We use the terms RRAP and ARAP as in (Kou et al. 2015a). The ARAP focuses more on optimization issues (Yeşilçimen and Yıldırım 2019) (e.g., how many relevant manuscripts need to be assigned to each reviewer to achieve global optimization?). This paper focuses on RRAP, which can be divided into three categories of related methods: based on semantic information, based on word information, and based on other information. The semantic information corresponds to some relationship between words, typically described by the topic. Word information is used to define the relationship between the reviewer and the manuscript through statistical word frequency and other information. In addition to semantic information and word information, nontextual information can be used to calculate similarity, including classification information (Zhang et al. 2020a; Liu et al. 2016) pertaining to the paper and information provided by the reviewers (Rigaux 2004; Di Mauro et al. 2005). A rule-based (Di Mauro et al. 2005), collaborative filtering (Rigaux 2004) or network-based (Fair and accurate reviewer assignment in peer review 2019; Xu et al. 2019; Anaya et al. 2019) method is often used for this type of information. We focus on methods based on semantics, words, and a combination of these types of information.

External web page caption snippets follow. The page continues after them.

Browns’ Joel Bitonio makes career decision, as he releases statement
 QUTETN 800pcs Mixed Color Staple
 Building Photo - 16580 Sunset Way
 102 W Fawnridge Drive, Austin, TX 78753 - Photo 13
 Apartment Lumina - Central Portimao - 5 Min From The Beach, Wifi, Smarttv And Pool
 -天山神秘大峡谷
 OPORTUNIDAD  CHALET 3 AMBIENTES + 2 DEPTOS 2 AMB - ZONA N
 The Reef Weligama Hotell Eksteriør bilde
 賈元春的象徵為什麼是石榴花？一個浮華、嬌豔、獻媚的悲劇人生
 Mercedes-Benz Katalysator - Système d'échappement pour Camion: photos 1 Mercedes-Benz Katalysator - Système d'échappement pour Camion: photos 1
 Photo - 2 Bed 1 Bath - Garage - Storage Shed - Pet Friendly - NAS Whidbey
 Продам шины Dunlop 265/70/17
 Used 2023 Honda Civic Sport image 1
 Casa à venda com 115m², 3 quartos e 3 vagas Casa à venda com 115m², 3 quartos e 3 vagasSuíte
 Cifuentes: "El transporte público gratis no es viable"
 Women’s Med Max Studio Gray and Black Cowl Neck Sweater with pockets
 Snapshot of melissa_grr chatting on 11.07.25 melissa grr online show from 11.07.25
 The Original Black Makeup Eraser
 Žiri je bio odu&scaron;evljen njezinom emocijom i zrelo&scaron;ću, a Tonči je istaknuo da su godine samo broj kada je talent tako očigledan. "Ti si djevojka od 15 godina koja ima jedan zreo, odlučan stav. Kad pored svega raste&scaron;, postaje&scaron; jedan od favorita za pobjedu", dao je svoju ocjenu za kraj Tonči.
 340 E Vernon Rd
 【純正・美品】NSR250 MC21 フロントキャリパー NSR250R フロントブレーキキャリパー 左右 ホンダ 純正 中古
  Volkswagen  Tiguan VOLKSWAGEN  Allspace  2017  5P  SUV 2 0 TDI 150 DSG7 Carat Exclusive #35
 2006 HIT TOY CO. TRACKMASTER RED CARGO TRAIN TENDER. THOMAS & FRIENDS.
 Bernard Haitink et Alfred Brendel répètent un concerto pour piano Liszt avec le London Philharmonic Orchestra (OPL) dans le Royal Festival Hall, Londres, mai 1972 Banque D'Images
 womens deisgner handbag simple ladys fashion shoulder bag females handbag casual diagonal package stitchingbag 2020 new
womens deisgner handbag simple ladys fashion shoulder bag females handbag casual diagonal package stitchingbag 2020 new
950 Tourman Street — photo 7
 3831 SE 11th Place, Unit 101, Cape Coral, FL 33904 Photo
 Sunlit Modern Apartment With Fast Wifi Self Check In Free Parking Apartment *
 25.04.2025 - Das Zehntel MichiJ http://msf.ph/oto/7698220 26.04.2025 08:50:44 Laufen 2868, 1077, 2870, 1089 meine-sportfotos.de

2.1 Semantic-based approach

Dumais and Nielsen (1992) transformed RRAP into a retrieval problem using latent semantic indexing (LSI) to extract semantic information and used cosine similarity to calculate the similarity between the reviewer and the manuscript. LSI is a common method for extracting topic information, and Ferilli et al. (2006) and Li and Hou (2016) also used this method. pLSA (Karimzadehgan and Zhai 2012, 2009) and LDA (including variants) (Charlin and Zemel 2013; Misale and Vanwari 2017; Kim and Lee 2018) are improved methods for extracting topic information. Karimzadehgan et al. (2008) first used the pLSA model to obtain the topic and calculate the similarity between the reviewer and manuscript. Mimno and McCallum (2007) first used the LDA model to extract semantic information and proposed the APT model to improve LDA with respect to describing textual information from reviewers and manuscripts. Li and Watanabe (2013) combined the APT model with a time factor to measure the degree of expertise of reviewers. Based on this, Peng et al. (2017) employed TF-IDF to consider word information. Kou et al. (2015a) used the topic weighted coverage calculation based on the topic feature of LDA and proposed the branch-and-bound algorithm (BBA) to find reviewers in the fastest time. In addition to the topic model, Ogunleye et al. (2017) used word2vec to calculate similarity. Zhao et al. (2018) transformed the RRAP into a classification problem and used the word mover’s distance (WMD) method to calculate similarity and then used the constructive covering algorithm (CCA) to simultaneously classify reviewers and manuscripts. In (Zhang et al. 2020b), RRAP was also cast as a multilabel classification task in which the reviewers were assigned according to multiple predicted labels.

2.2 Word-based approach

The most commonly used word-based methods are keyword matching (Sidiropoulos and Tsakonas 2015; Protasiewicz et al. 2016; Shon et al. 2017; Dung et al. 2017), TF-IDF (Hettich and Pazzani 2006; Flach et al. 2010; Peng et al. 2017), and the language model (LM) (Mimno and McCallum 2007; Tang et al. 2010; Charlin et al. 2012). Tang and Zhang (2008) calculated the similarity between reviewers and manuscripts by constructing a keyword network and using cosine similarity for keyword matching. Protasiewicz (2014) added publication time information to calculate keyword weights. Dung et al. (2017) improved the keyword matching results by improving the Knuth-Morris-Pratt (KMP) algorithm. Yarowsky and Florian (1999) first used TF-IDF and cosine similarity to calculate the similarity between the reviewer and manuscript. Basu et al. (2001) used a TF-IDF-based information integration system (WHIRL) combined with collaborative filtering. They obtained the recommendation source matrix using the scores retrieved by WHIRL. Biswas and Humayun (2007) mapped keywords to topics based on TF-IDF, which combines ontology-driven inferences. Protasiewicz et al. (2016) directly retrieved relevant reviewers using a full-text index based on TF-IDF. Charlin and Zemel (2013) used LM as the similarity calculation method for the Toronto paper matching system.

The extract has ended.